I will probably use the H2O2 method, but I will try to avoid AlgaeFix. H2O2 method seems ok if well executed. Thanks *greaser*.

I will also probably use the bleach on some plants. Anubias are stuck to the mopani wood, so I can get the wood out and bleach the entire thing. I have to check if it affects the roots, though, before dumping everything into the bleach mix.


----------



## Little Soprano (Mar 13, 2014)

For the algae on the glass, I've found that "personally" bladder snails are absolutely wonderful for it. I got some hitchhikers in on some moss and I hate their eggs, but they have out performed my nerites by a mile. I also dropped my lighting on my 40 gal (which is my algae farm practically) to 6 hours a day and noticed a BIG difference in just about every type of algae that was in there. Now I'm currently working on making stilts for it so it sits up a few inches above the glass.


----------



## MadRiverPat (May 3, 2013)

I have to agree with chad above. This sounds like nutrient deficiency. You are pumping in co2 and have high light which is driving the plant to grow faster but your limiting factor is ferts. You might have seen the pearling and growth after the low light because there was a sufficient buildup of ferts at that point. Nerites will help but aren't going to solve the problem. You need to get to the source of the problem.
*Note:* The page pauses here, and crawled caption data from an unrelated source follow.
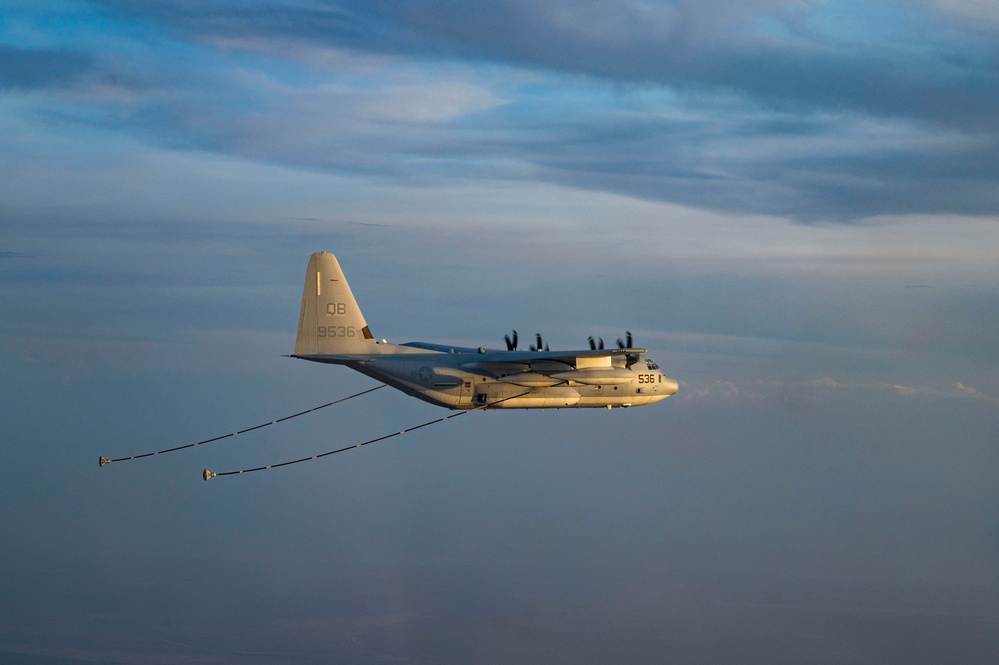 VMM-364 aerial refueling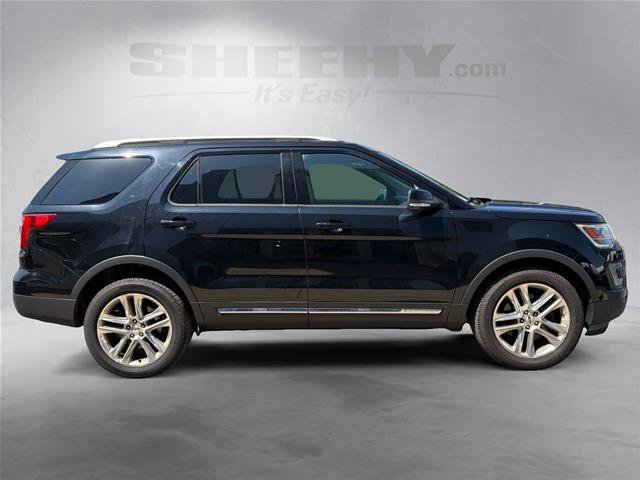 Certified 2017 Ford Explorer XLT AWD/4WD image 10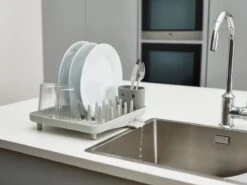 Joseph Joseph Duo Afdruiprek - Compact - Grijs -Levensrandproducten 1200x899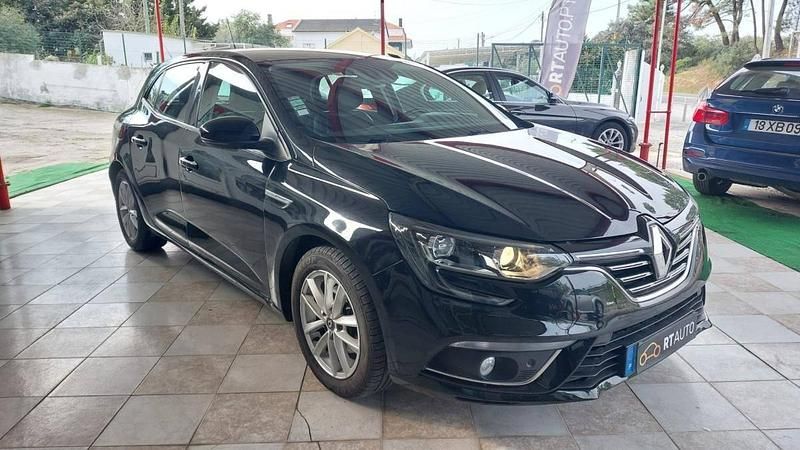 Usado Renault Mégane III Intens 110 HP (80 kW) 2016 Preto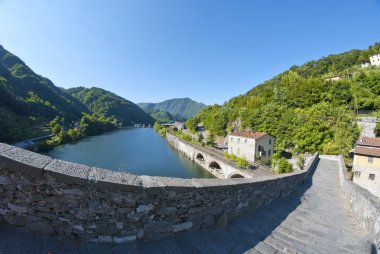 Devils bridge balıkgözü görünümü, lucca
Sent from my iPhone using Tapatalk


----------



## Raymond S. (Dec 29, 2012)

If you would drop those bulbs to 13W kind it will clear up without using chemicals.
You could always change two of them back to the 27W ones later when the plants are gowing well.


----------



## gabriel.mi (Jun 16, 2014)

Thank you all for your contributions, all the posts are very useful in establishing a "treatment" plan. You really opened my eyes to some things (like EI and EXCEL treatment) that I did not find in the last 6 months of searching for algae treatments.

I read lots of documentation about EXCEL, EI and dry fertilizers in the last few days and found lots of interesting things.

I measured again my nitrates and it seems they are zero => nutrients deficiency.

Turned off the UV light a couple days ago.

Following this thread discussion, with my CO2 at around 30-40 ppm (drop checker), I started dosing EXCEL - 3 ml/day for first two days, now 4ml/day. 

I am also dosing Flourish comprehensive - 3ml/day (although today I saw here http://calc.petalphile.com/ that I should do a bit more than that) and will do about 6-7 ml/day starting tomorrow.

Reduced light from 4x27 to 3x27 watts CFL.

I have to be careful, though, with EXCEL, since I would like to keep my Anacharis and a few crypts I have - these are the only ones in my tank that seem to be sensitive to EXCEL overdosing.

I already have GOOD RESULTS (even with somewhat regular EXCEL dosing):
- algae on wood and plants are about 1/4 of the initial length - GREAT!!!
- plants seem to be happy

I'll keep you posted.

*Thanks again for opening my eyes to these methods!*


----------